U-Pb isotopic dating of detrital zircons from a conglomeratic barite sandstone in the Sonora allochthon and a calciclastic sandstone in the Mina México foredeep of the Minas de Barita area reveals two main age groups in the Upper Devonian part of the Los Pozos Formation, 1.73–1.65 Ga and 1.44–1.42 Ga; and three main age groups in the Lower Permian part of the Mina México Formation, 1.93–1.91 Ga, 1.45–1.42 Ga, and 1.1–1.0 Ga. Small numbers of zircons with ages of 2.72–2.65 Ga, 1.30–1.24 Ga, ca. 2.46 Ga, ca. 1.83 Ga, and ca. 0.53 Ga are also present in the Los Pozos sandstone. Detrital zircons ranging in age from 1.73 to 1.65 Ga are considered to have been derived from the Yavapai, Mojave, and Mazatzal Provinces and their transition zones of the southwestern United States and northwestern Mexico. The 1.45–1.30 Ga detrital zircons were probably derived from scattered granite bodies within the Mojave and Mazatzal basement rocks in the southwestern United States and northwestern Mexico, and possibly from the Southern and Eastern Granite-Rhyolite Provinces of the southern United States. The 1.24–1.0 Ga detrital zircons are believed to have been derived from the Grenville (Llano) Province to the east and northeast or from Grenville-age intrusions or anatectites to the north.
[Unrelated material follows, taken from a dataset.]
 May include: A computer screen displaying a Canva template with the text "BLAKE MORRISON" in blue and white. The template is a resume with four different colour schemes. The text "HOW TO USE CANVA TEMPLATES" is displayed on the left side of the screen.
Several detrital zircon ages ranging from 2.72 to 1.91 Ga were probably derived originally from the Archean Wyoming Province and Early Paleoproterozoic rocks of the Lake Superior region. These older detrital zircons most likely have been recycled one or more times into the Paleozoic sandstones of central Sonora. The 0.53 Ga zircon is believed to have been derived from a Lower Cambrian granitoid or metamorphic rock northeast of central Sonora, possibly in New Mexico and Colorado, or Oklahoma. Detrital zircon geochronology suggests that most of the detritus in both samples was derived from Laurentia to the north, whereas some detritus in the Permian synorogenic foredeep sequence was derived from the evolving accretionary wedge to the south. Compositional and sedimentological differences between the continental-rise Los Pozos conglomeratic barite sandstone and the foredeep Mina México calciclastic sandstone imply different depositional and tectonic settings.